Para los antiguos griegos, reflexionar sobre esta materia fue un desafió constante, sus teorías acerca de la cosmología fueron muy debatidas posteriormente, aunque también perduran muchas de ellas hasta nuestros días e incluso aun son campo de la investigación.
Pero remontémonos en aquellos tiempos, donde un señor que llevaba por nombre Pitágoras, nos decía que la tierra era una esfera, y que posteriormente su discípulo de nombre Filolao, completa con sus ideas el concepto del cosmos. Para él, el universo tenia su centro que no era la Tierra, y que en el giraban planetas y astros.
Para ellos el universo era esférico, y tenia movimientos circulares. Pero como sus creencias y mitologías estaban presentes en todas sus disciplinas, ellos decían que en el centro del universo estaba el Fuego, al que le llamaron Diosa del Hogar y del Fuego, Corazón central del universo. La luna y la Tierra mas los 5 planetas eran esferas que giraban alrededor del sol que era una esfera de cristal que reflejaba el fuego,
Esta gran bóveda celestial al girar producía sonidos y tonos musicales, en su extensión ellos representan los sonidos perfectos de una octava,
Imperceptible al oído humano al nacer el hombre esta música se escucha en todo momento pasando ya a ser parte de nuestra vida, para los Pitagóricos la esperanza de volver a oír este sonido de las esferas estaba basado solo en el tiempo, Ellos argumentaban que el ciclo cósmico acaecía cada 10.000 años terrestres, al que le llamaron “El gran Año”. Así todo el ciclo se volvía a repetir, es como si el tiempo girara también en 360 grados, fue como crear una eternidad, y en ese ciclo eterno volveríamos a escuchar la música de las esferas.
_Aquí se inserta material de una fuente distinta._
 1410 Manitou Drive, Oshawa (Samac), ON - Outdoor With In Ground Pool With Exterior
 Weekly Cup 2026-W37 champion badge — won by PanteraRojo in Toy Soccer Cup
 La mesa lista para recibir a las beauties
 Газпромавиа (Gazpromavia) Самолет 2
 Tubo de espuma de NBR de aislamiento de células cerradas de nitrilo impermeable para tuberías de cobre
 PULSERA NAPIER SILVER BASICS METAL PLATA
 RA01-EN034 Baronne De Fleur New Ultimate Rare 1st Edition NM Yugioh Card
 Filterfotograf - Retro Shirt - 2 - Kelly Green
Muchos filósofos y pensadores de la antigüedad tales como Platón, Aristóteles, creyeron y argumentaron sobre el canto de las esferas; también otros filósofos e incluso musicólogos ya mas contemporáneos, también han argumentado en el estudio de la música de las esferas, avocarme mas al tema en este aspecto, seria ya un trabajo a parte, demasiado serio y que merecería un estudio completísimo y acabado; yo solo hago esbozos de lo que es este canto mágico celestial ¿un regalo del Gran Arquitecto de todo el Universo?, yo pienso que sí, ya que siempre he sostenido que todo lo que está hecho allá arriba, está hecho a su semejanza en el alma humana, es como un árbol muy frondoso y de deliciosos frutos el cual solo el hombre debe estirar su brazo y tomar.
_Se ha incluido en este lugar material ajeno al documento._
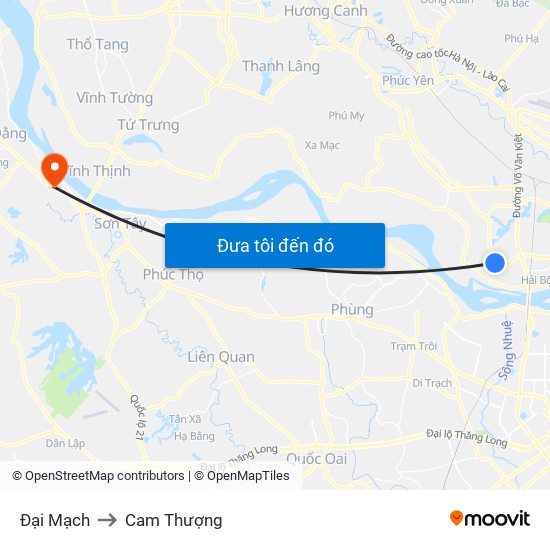 Đại Mạch to Cam Thượng map
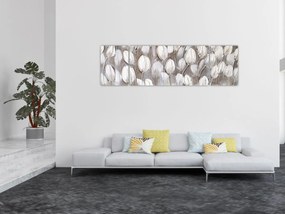 Obraz - Ułożone tulipany (170x50 cm)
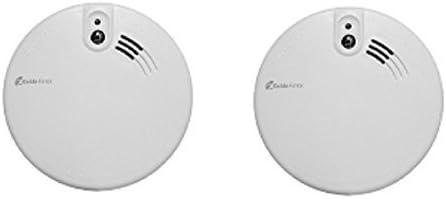 Twin Pack Kidde Firex KF20 Mains Powered Optical Smoke Alarm with 9V Back Up Batteries | KF2 | 4973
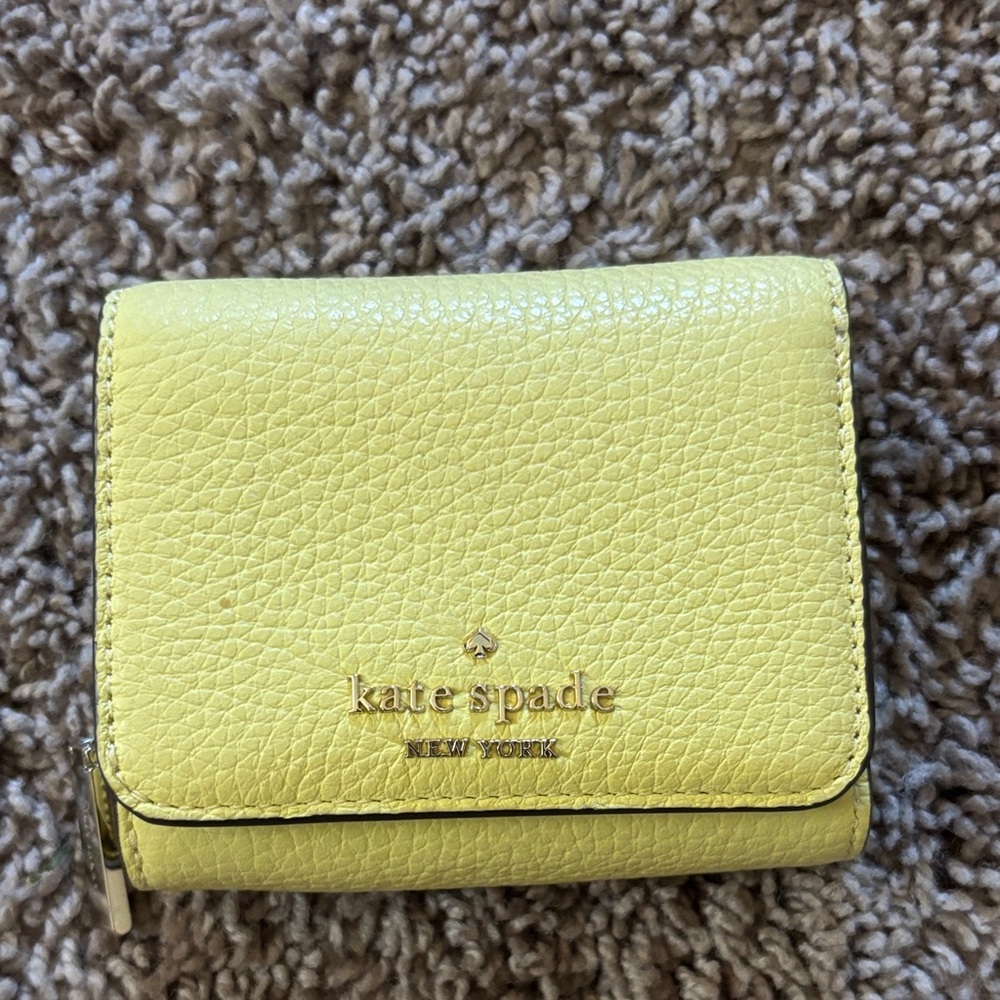 Kate Spade Yellow Wallet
Esta teoría fue corroborada por la Nasa, confirmando que los cuerpos celestes emiten sonidos armónicos. La atmósfera del sol, emite realmente sonidos ultrasónicos, y que interpreta una partitura formada por ondas 300 veces más graves que los tonos que pueda captar el oído humano.
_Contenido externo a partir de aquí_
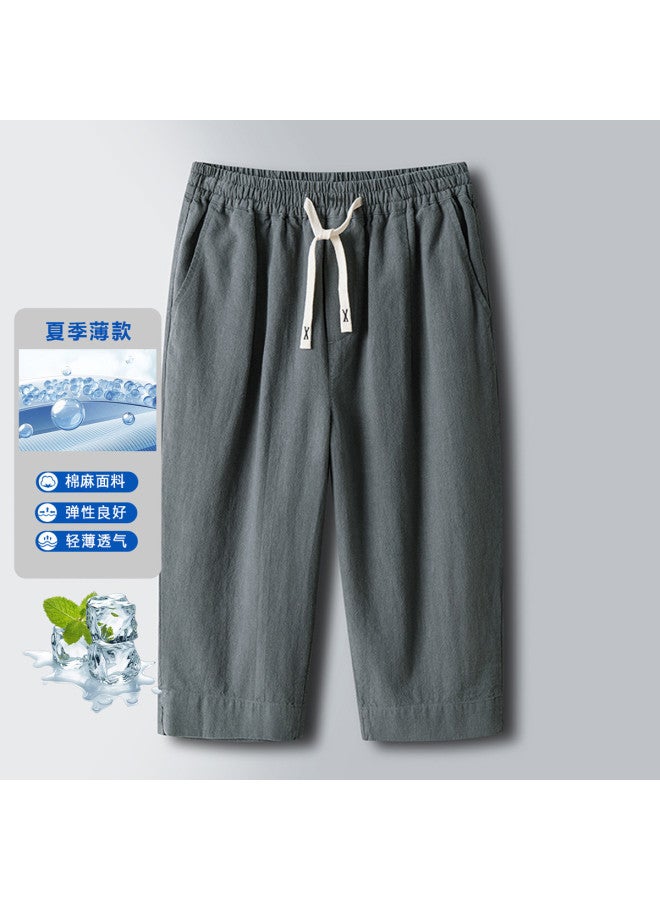 Fomoce lightweight And Breathable Men's Casual Pants For Summer - Stylish, Comfortable Office & Leisure Wear - Image 2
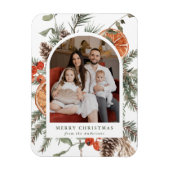 Magnet Flexible Elegant Botanical Citrus Arch Holiday Photo (Vertical)
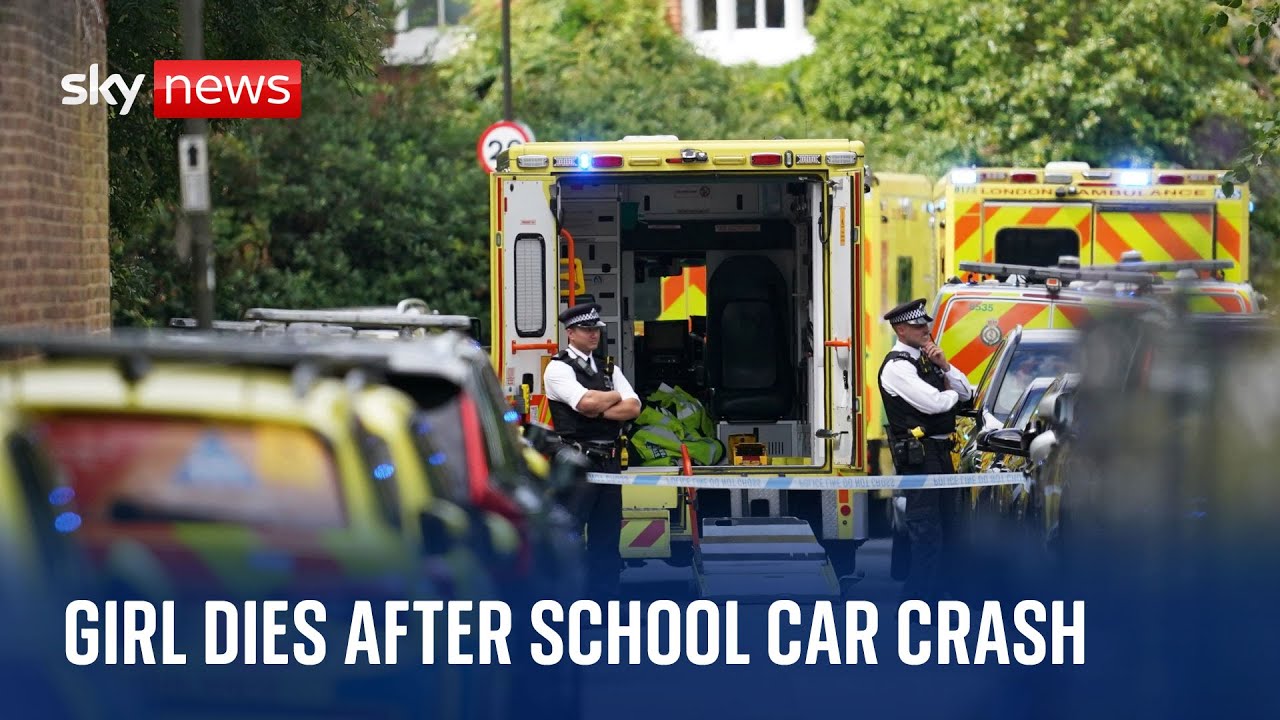 Wimbledon: Girl, 8, dies after car crashes into school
Para los Pitagóricos dependían de las proporciones aritméticas de sus orbitas al rededor de la tierra, de la misma forma de la longitud de cuerdas en una lira para que determine sus tonos.
Las esferas más cercanas producen tonos graves, las más lejanas lo agudizan.
Esta sincronía perfecta, sublime se llama Canto o Música de las Esferas, raíz de la raíz, de los heraldos de la cueca.